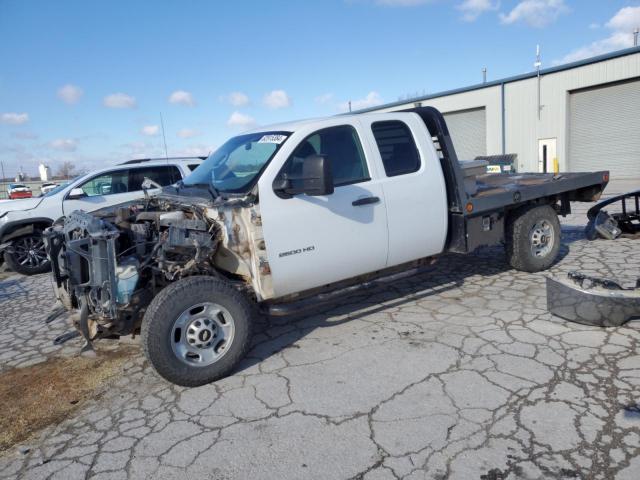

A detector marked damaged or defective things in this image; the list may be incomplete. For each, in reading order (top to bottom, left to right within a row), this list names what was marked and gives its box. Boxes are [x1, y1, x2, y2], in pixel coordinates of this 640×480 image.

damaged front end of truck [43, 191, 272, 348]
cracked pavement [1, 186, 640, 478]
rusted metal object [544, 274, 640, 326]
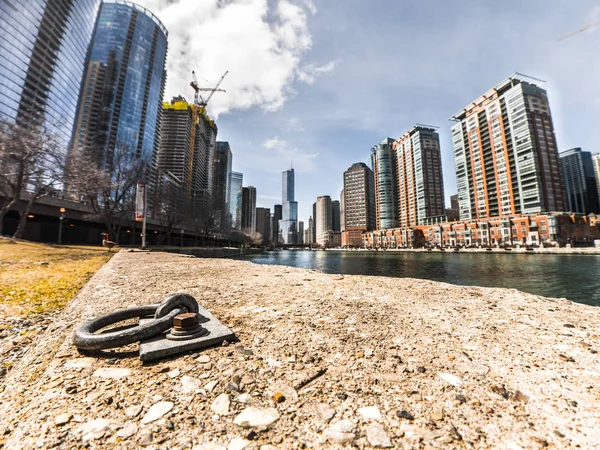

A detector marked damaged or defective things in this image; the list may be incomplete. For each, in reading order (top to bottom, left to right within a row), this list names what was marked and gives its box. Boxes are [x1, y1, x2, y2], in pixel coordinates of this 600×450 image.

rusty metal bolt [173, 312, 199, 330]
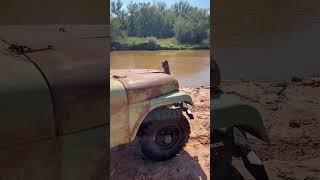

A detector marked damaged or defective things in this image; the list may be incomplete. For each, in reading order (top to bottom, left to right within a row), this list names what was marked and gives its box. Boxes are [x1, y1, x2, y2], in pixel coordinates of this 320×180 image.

==

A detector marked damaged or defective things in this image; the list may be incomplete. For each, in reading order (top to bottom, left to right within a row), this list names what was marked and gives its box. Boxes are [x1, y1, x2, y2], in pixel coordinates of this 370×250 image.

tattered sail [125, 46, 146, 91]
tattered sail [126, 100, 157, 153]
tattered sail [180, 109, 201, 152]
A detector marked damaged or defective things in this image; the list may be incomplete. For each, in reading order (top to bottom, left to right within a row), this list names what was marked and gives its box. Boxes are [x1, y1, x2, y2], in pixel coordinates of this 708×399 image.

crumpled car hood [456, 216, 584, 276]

▶ **What is required**:
With pictures excluded, reproduce exactly the lines above from the one containing "this 640×480 image." down to the one containing "this 320×180 image.", those two included.

▶ **Exercise response**:
A detector marked damaged or defective things in this image; the list may be incomplete. For each, in reading order (top to bottom, left to right within a row), this list names what was marked and gives its box. Boxes are [x1, y1, x2, y2], in pixel coordinates of this 640×480 image.

damaged front end of truck [43, 191, 272, 348]
cracked pavement [1, 186, 640, 478]
rusted metal object [544, 274, 640, 326]

A detector marked damaged or defective things in this image; the list may be incomplete. For each, in reading order (top to bottom, left to right within a row), this list names what was marked and gives its box. Boxes are [x1, y1, x2, y2], in pixel coordinates of this 600×450 image.

rusty metal bolt [173, 312, 199, 330]

A detector marked damaged or defective things in this image; the list may be incomplete. For each, in reading order (top to bottom, left to right within a row), this list names what was marked and gives its box. Boxes are [x1, y1, x2, y2], in pixel coordinates of this 320×180 image.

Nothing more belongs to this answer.